And this diagram shows the valve in the two extremes of its travel, and shows where the edges of the valve are in relation to the ports at these two extreme positions.

The valve is designed to fit into the steam chest and be able to transverse its full movement back and forth without striking the ends of the steam chest.

Pat J

Edit: Note that often in the old designs, the valve did not fully open the steam ports when the valve was at full travel, and this can be seen in the drawing below. This is the way the Stanley engine was set up also (ports never get fully opened by the valve). The exhaust ports are about 1/2 open when the valve is at full travel.


----------



## Brian Rupnow (Sep 8, 2011)

Thank you Pat, for digging into this so deeply. Of course, as I explained to Tel, the proof of the pudding is in the eating. Now I expect you to build one of these and run it on steam to prove your theory. I will be posting a download to all of the drawings sometime within the next two weeks.----Brian


----------



## JorgensenSteam (Sep 8, 2011)

Brian-

I am not much of a machinist, so someone with more machining skills would probably have to build it.
I build large engines mainly because it is easier to machine something that I can get a hand around, and a slight mistake on a large piston/cylinder is not nearly as critical as a slight mistake on a small piston/cylinder.
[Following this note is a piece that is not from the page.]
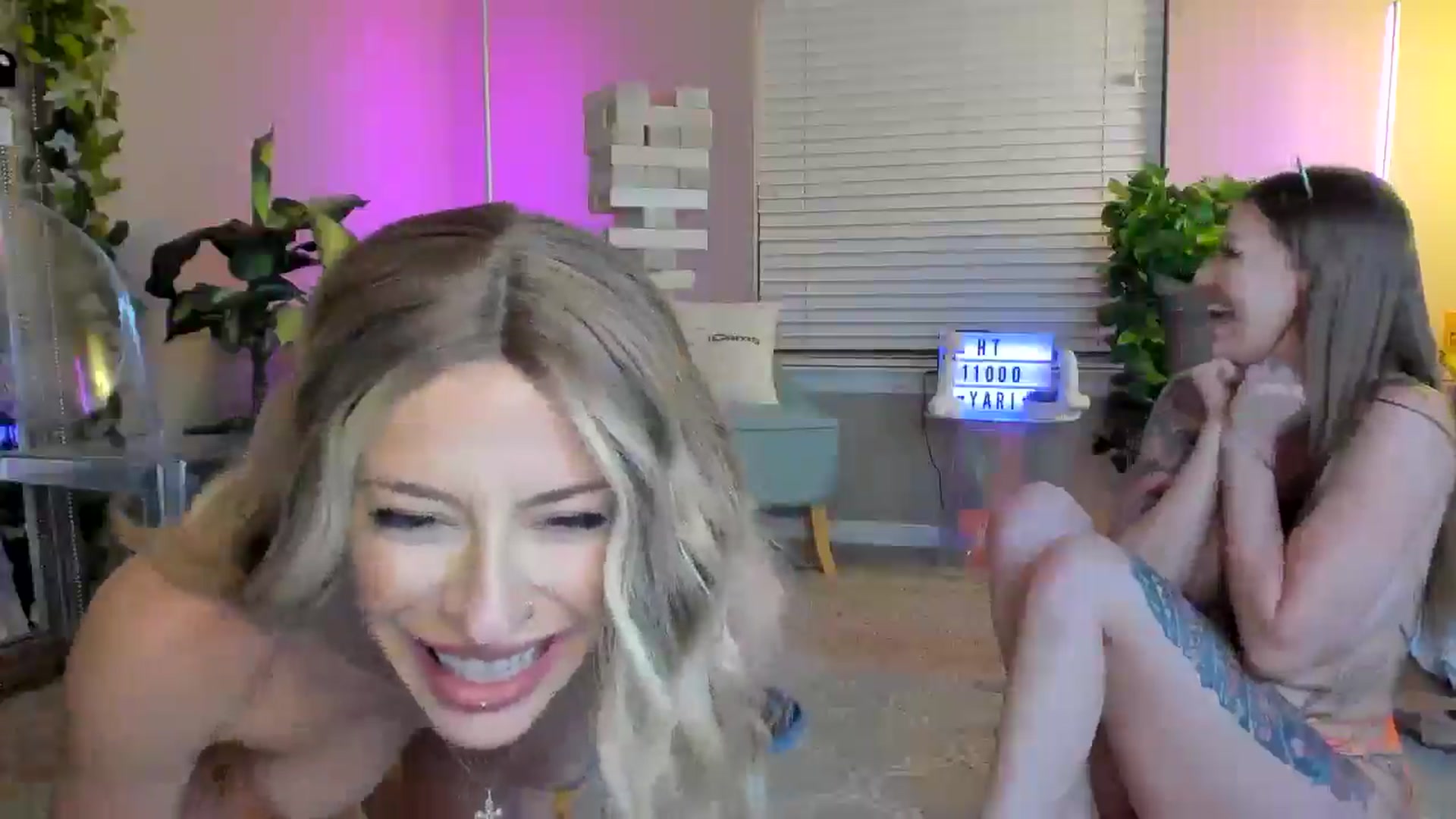 Gallery image thumbnail from ItsRoseRyder's myfreecams stream on, 11/16/2025, 09:05 image 8 of 20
From reading several of the old model steam engine books such as Greenlee, it is often mentioned that the ports for small model engines generally get wider and shorter than a full size engine design, and also mention that often the lap is often omitted on small model steam engines to give steam for the full duration of the stroke, again since efficiency is not a concern. Passages are often drilled in model engines since casting ports can be difficult, especially in small engines.

I saw one test setup which had a computer which did the work of the old indicator, ie: measured the pressure drop on both ends of the cylinder, and plotted that against rotation of the crankshaft.
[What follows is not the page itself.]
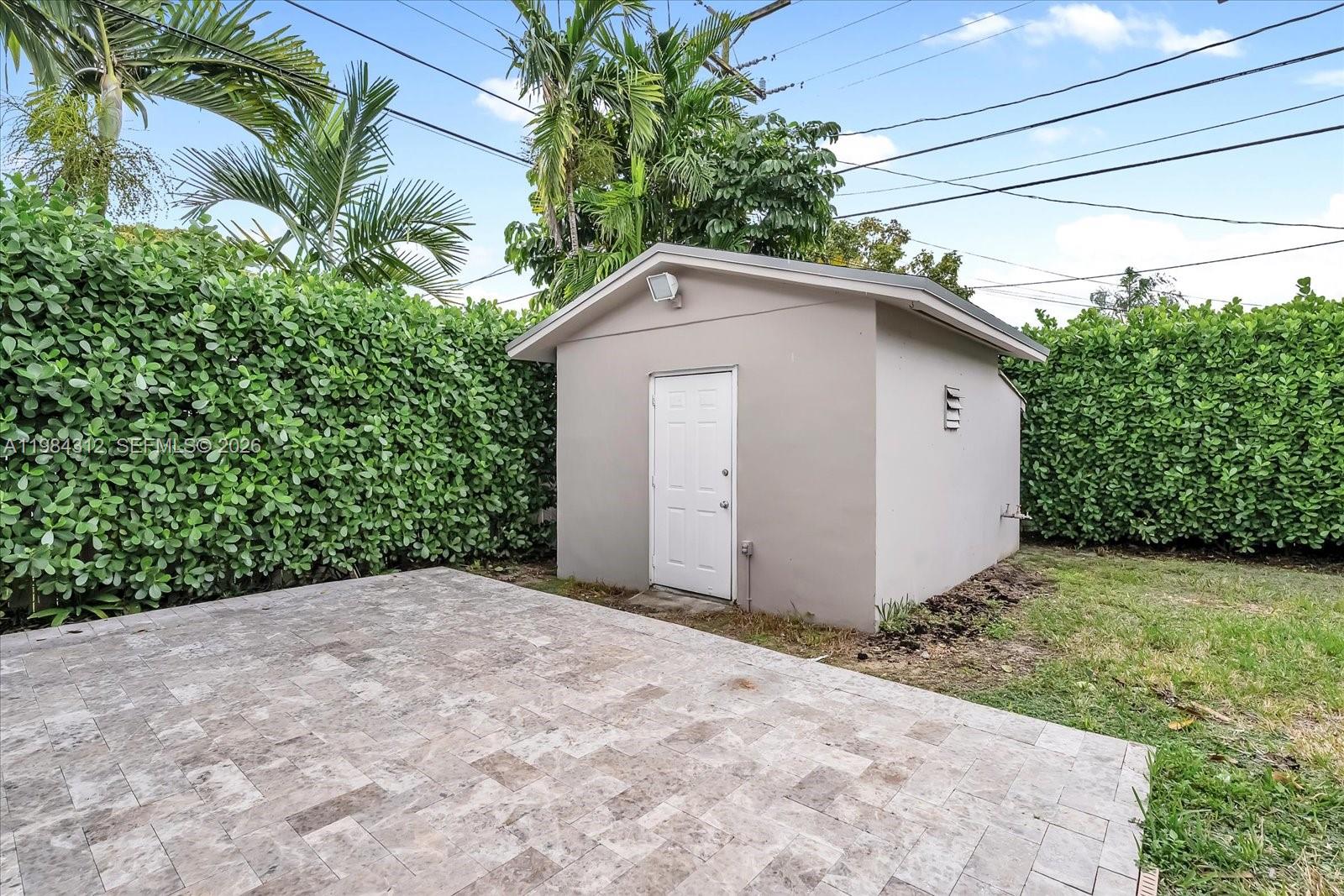 10330 SW 51st St, Miami FL 33165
An indicator (which would probably not be accurate at a small scale) would show whether the ports and/or passages were too small, since the pressure plot would start out near boiler pressure, but drop severely prior to cutoff if either the port/valve started wire drawing, or if the passage was too small.

The pressure plot should be as horizontal as possible between admission and cutoff, and then drop slowly as the steam expands after cutoff and before release.
After release the pressure should drop quickly up to the compression point, where it should return to near boiler pressure, but slightly less so as not to lift the d-valve off the seat.

Below is a page from Sotherns which contains a lot of information about valve gear and indicator diagrams, and links those with the piston placement in the cylinder.

In order to really get a feel for full size ports compared with smaller ports, I guess a tiny brake would have to be built and tested on two different port/valve configurations. The old books do seem to follow along with what I show above, but generally show a port that is more like 50% in length of the bore.

Pat J


----------